Richard Plantagenet continued to say little, but took to his studies well enough. He intrigued me. His confidence. His quiet, self-contained competence. I began to haunt the exercise yard and the lists when I could where he practised the knightly drills. And I was right. He suffered. He did not have the stature or strength of muscle to hold his own against Francis, who was often pitted against him. Richard spent a lot of time sprawled in the dust and dirt. But he did not give in. And I had to admire his courage, his determination to scrape himself up from the floor. Quick and alert, he soon learned that he could make up in guile and speed for what he lacked in size and weight. He could ride a horse as if born in the saddle.
But still he was often on the floor with a bloody nose and dust plastered over his face. After a particularly robust session with sword and shield, Master Ellerby sent him to sit on the bench as the side of the exercise yard. Still dazed, Richard Plantagenet rubbed his face and nose on his sleeve. I crept along by the wall and sat on the bench with him. An opportunity too good to miss, to find out more whilst his guard was down. What did I want to know? Anything, really. Anything to explain this solemn youth who sat quietly at meals, who carved the roast beef with stern concentration, who watched and absorbed and said little.
‘Are you content here?’ I asked for want of anything more interesting to say.
He snorted, pushing his hair from his eyes. ‘Better when my head is not ringing from the Master’s gentle blows! I swear Edward did not intend me to be knocked senseless when he sent me here.’
‘You said you did not want to be here.’ The implied criticism of Middleham still rankled. ‘Where would you rather be, that’s better than here?’
‘With my brother. In London. That’s where I shall go when I am finished here.’
‘Do you miss your family?’
He thought for a moment. ‘Not much.’
‘Do you have brothers other than the King? Sisters?’
‘Yes. Ten.’
‘Ten?’ Shock made me turn to face him. ‘I only have Isabel. That’s enough.’
‘But some are dead, and all are older than I. George of Clarence is the one I know best.’
‘You are the Duke of Gloucester.’ I had acquired some knowledge since our exchange of views. ‘Your father was attainted traitor when he fought against the Lancastrian upstart Henry, the last king.’
‘Yes.’ Richard bared his teeth. ‘And he died for it on the battlefield at Wakefield. And my brother Edmund with him. Margaret of Anjou, Queen Margaret, had my father’s head cut from his body and put on a spike above Micklegate Bar in York. A despicable end for a brave man.’
It was the longest speech I had heard him make. He still felt the hurt of it.
‘Did you have to hide?’
‘In a way. We—my brother Clarence and my mother—had to go into exile for our safety. We went to the Netherlands.’ His guard was clearly down, offering so much.

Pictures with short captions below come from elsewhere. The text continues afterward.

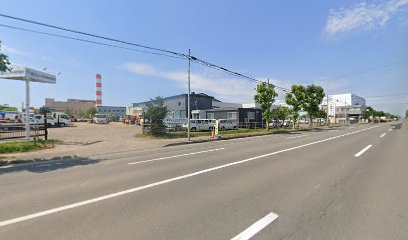 富士レンタル㈱ 札幌西営業所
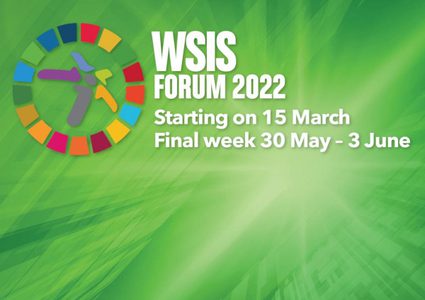 فلسطين تحصد المركز الأول في جوائز القمة العالمية لمجتمع المعلومات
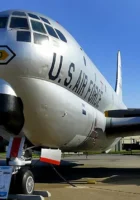 Boeing KC-97L Stratofreighter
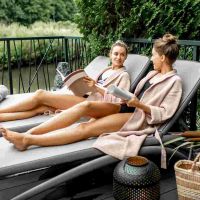 Miglior lettino prendisole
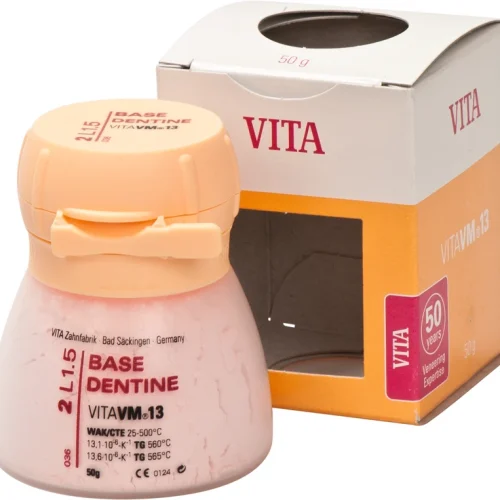 VITA VM® 13 3D-MASTER®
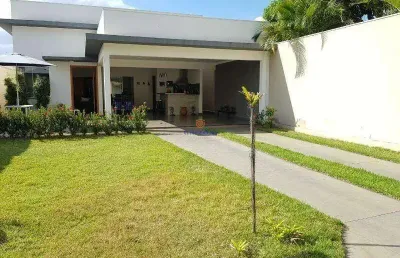 Casa jardim colonial | 3 quartos | 1 suíte | 2 salas | 4 vagas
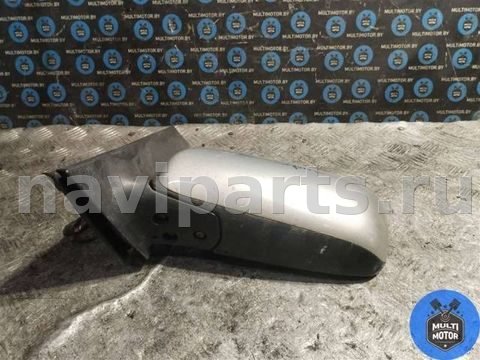 Зеркало наружное левое Toyota Prius, 2006 г., арт. 00113194, фото 9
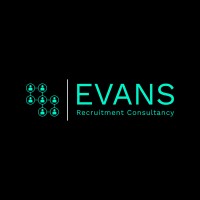 Evans Recruitment Consultancy logo - Similar company to Cdl Personnel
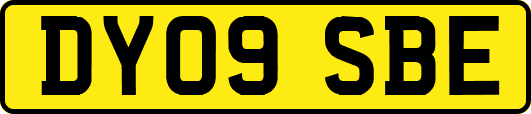 DY09SBE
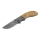 Böker - Kišeninis peilis Magnum Pioneer 19,2 cm raudonmedžio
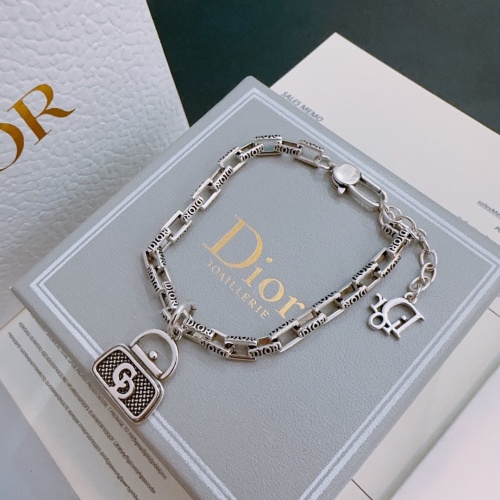 Christian Dior Bracelets #1262751 $42.00 USD, Wholesale Replica Christian Dior Bracelets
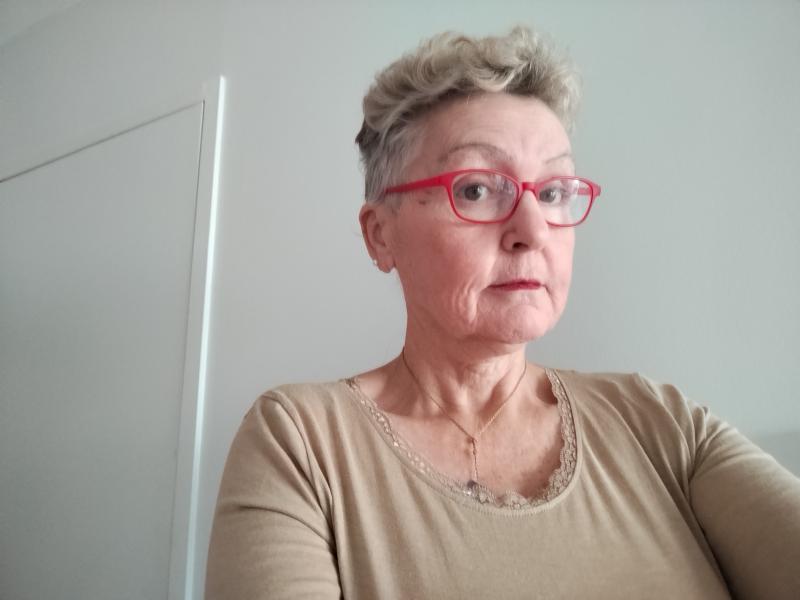 Coco 62 ans Fourneaux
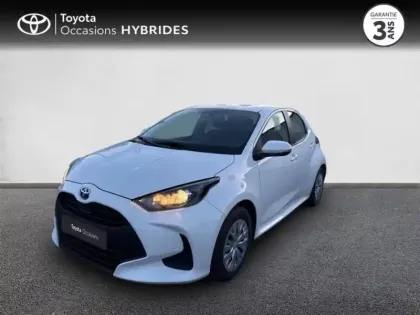 Photo Toyota Yaris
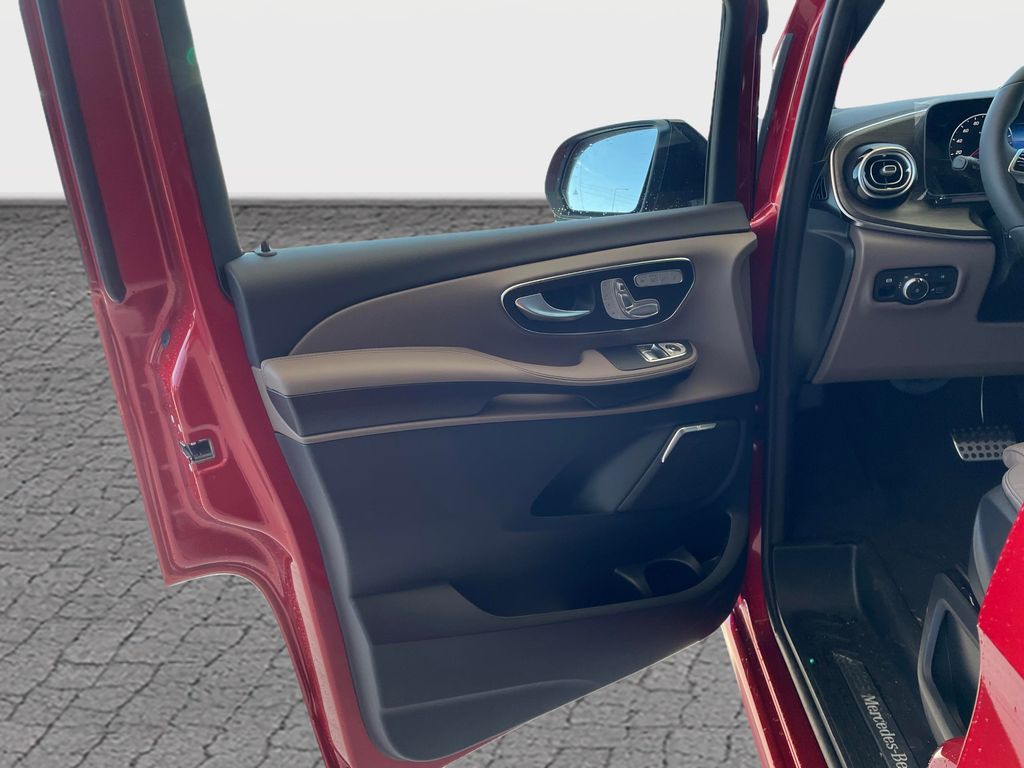 Mercedes-Benz Třídy V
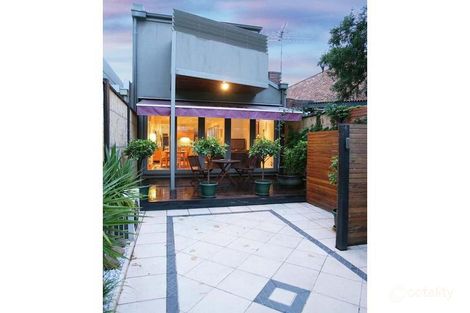 Property photo of 10 Fergie Street Fitzroy North VIC 3068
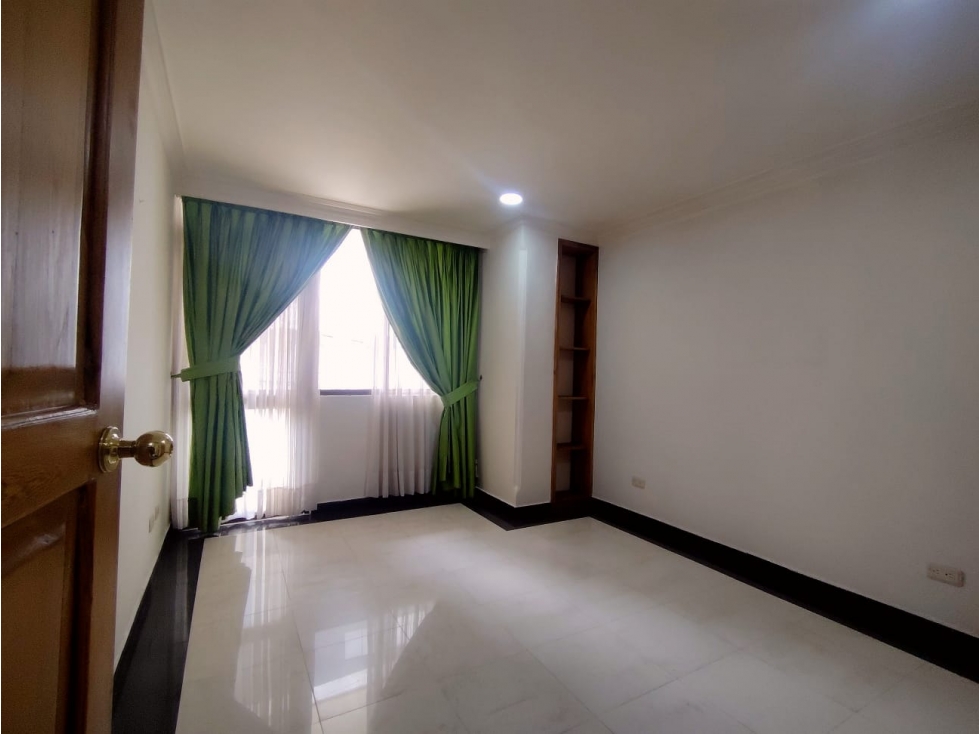 Apartamento en venta en La Castellana, Armenia · foto 12 de 22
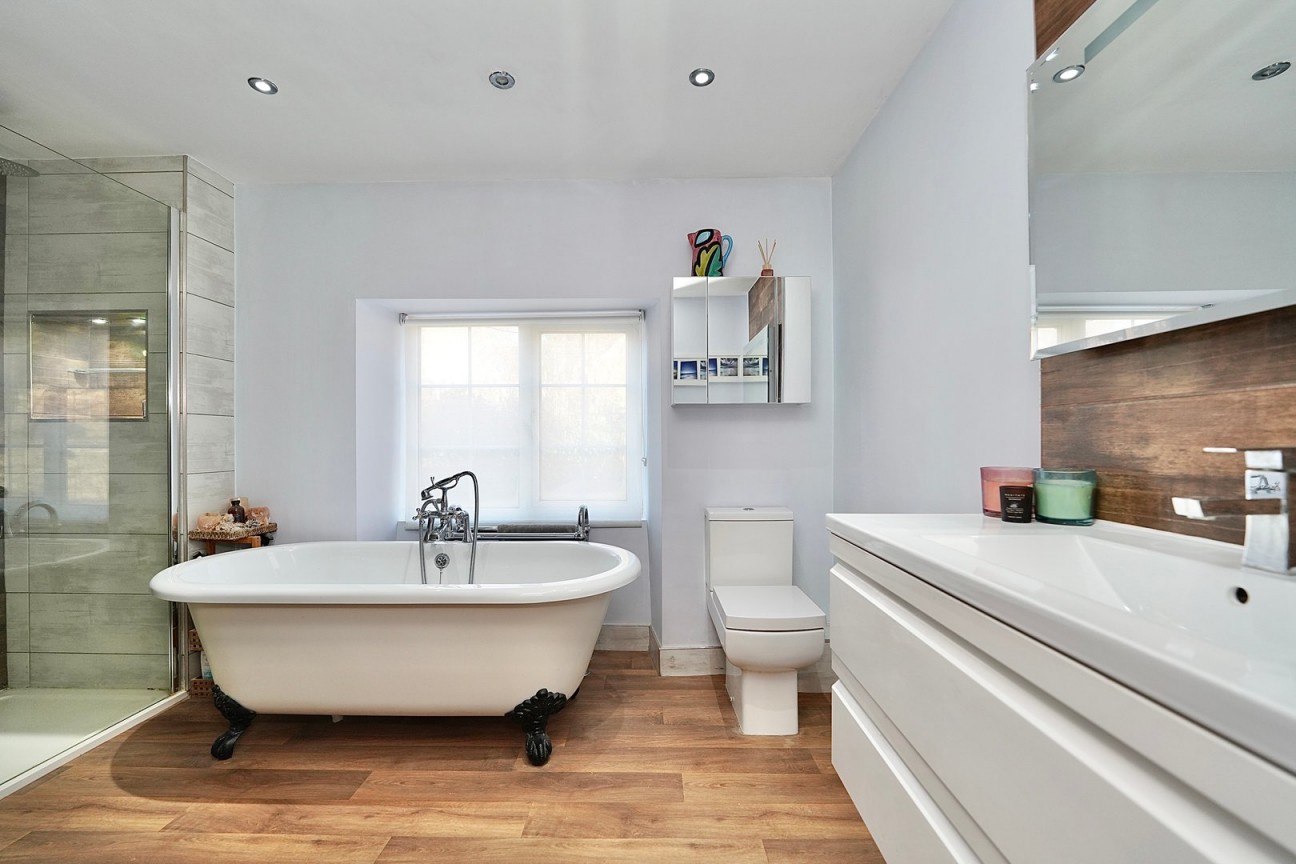 Raunds, Wellingborough, Northamptonshire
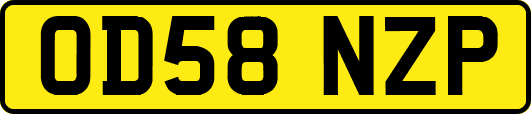 OD58NZP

‘Did you like it?’ I could not imagine being forced to leave England in fear of my life, being forced to beg for charity from some foreign family and be unsure that I would ever be able to return. I knew I would have hated it.
‘Well enough.’
Now what? I sought for another topic to lure him into speech. It was difficult. ‘Were you called Richard after your father? I was named Anne for my mother.’
‘No. After your grandfather, Richard Neville, the Earl of Salisbury. He stood as my godfather at my baptism and so I was named Richard.’
‘Oh.’ His connection with my family was getting stronger. His nose still bled and his sleeve was well spotted with blood. I handed him a square of linen. Lady Masham would have approved, I thought.
‘My thanks.’ He inclined his head with a courtly little gesture, then, wincing, applied the linen with careful enthusiasm.
‘Where were you born?’
‘Fotheringhay.’
‘I was born here. I like it here more than any place else.’
‘I like it too,’ he admitted suddenly, an admission that promptly warmed me to him. ‘It reminds me of Ludlow where I spent some months when I was much younger. Before we were driven out by the Lancastrians at the point of a sword.’ There was the bitterness again.
‘Why were you sent here? Why here?’
His angled look was wary as if unsure of the reason for my question. I had no ulterior motive other than basic inquisitiveness.